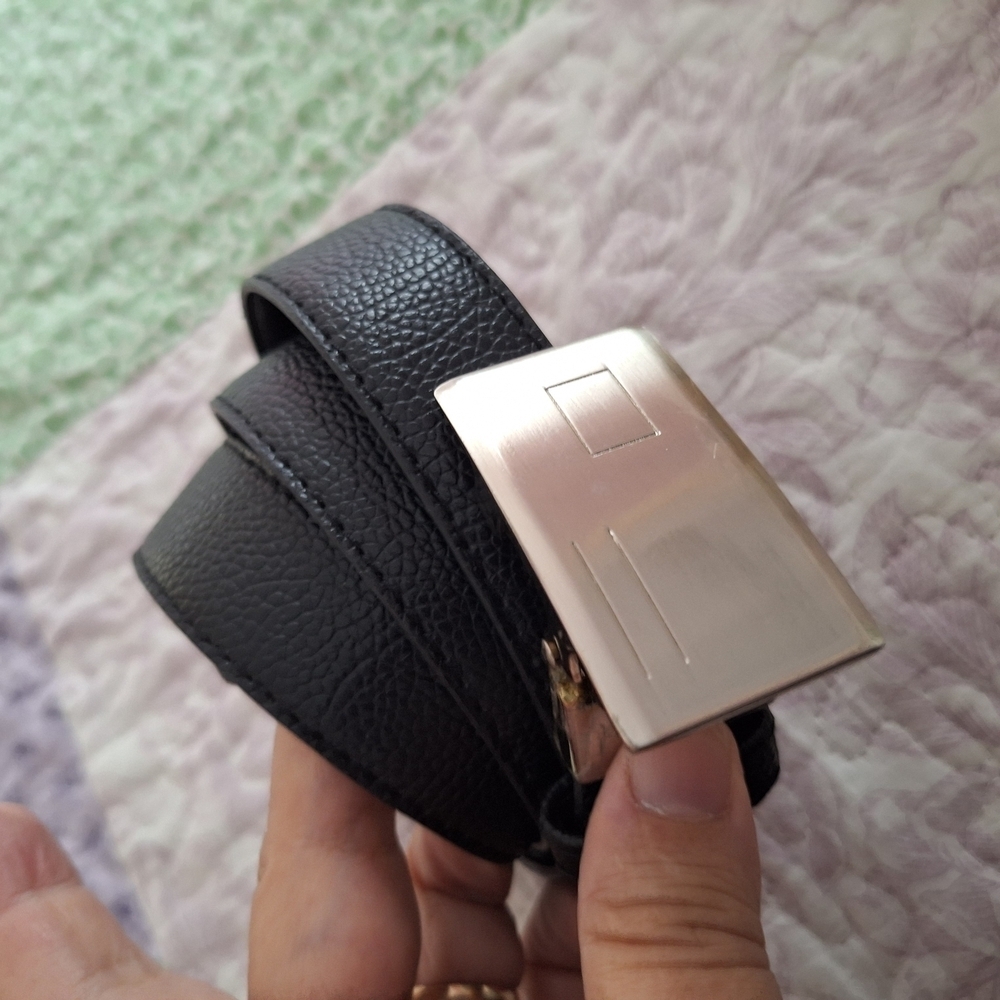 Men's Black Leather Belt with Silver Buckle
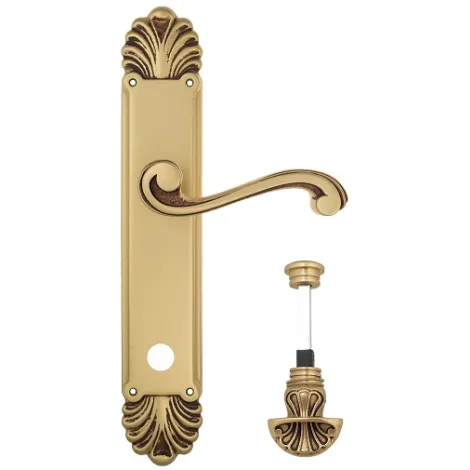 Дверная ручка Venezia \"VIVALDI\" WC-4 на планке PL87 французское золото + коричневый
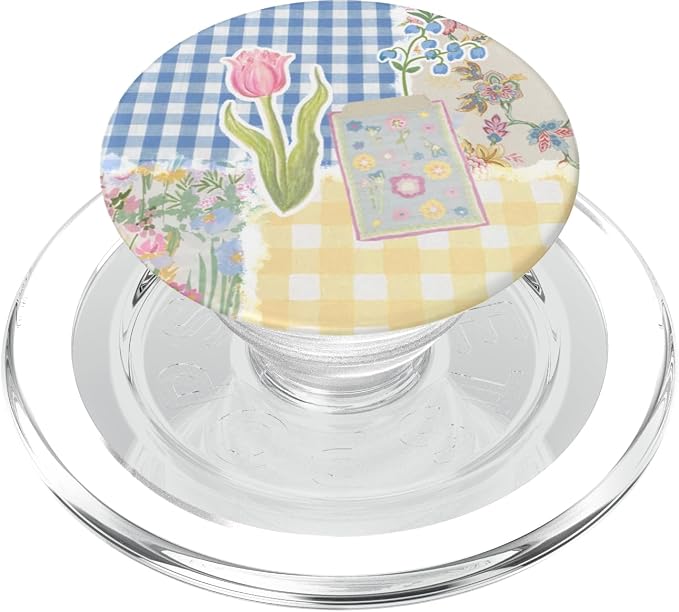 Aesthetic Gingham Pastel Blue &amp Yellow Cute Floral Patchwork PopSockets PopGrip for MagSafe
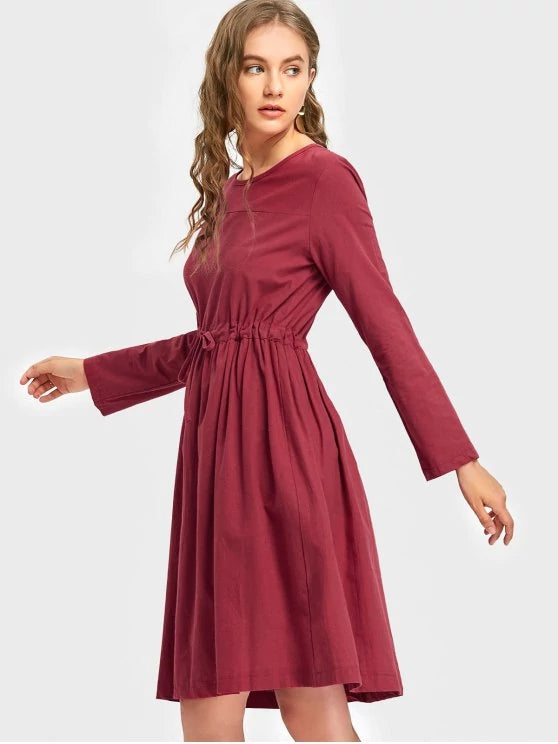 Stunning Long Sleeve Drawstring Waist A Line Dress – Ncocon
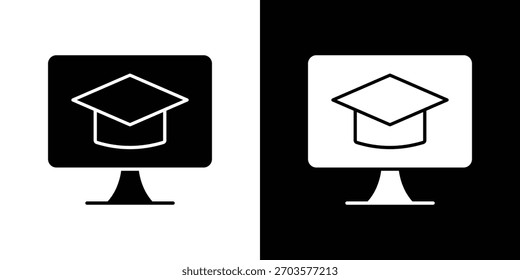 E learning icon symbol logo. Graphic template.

*HOW TO COMPLETE THIS TASK*. Leave out the pictures and retype the rest of the entries exactly.

*ANSWER BOX*.
 Men's Black Leather Belt with Silver Buckle
 Дверная ручка Venezia \"VIVALDI\" WC-4 на планке PL87 французское золото + коричневый
 Aesthetic Gingham Pastel Blue &amp Yellow Cute Floral Patchwork PopSockets PopGrip for MagSafe
 Stunning Long Sleeve Drawstring Waist A Line Dress – Ncocon
 E learning icon symbol logo. Graphic template.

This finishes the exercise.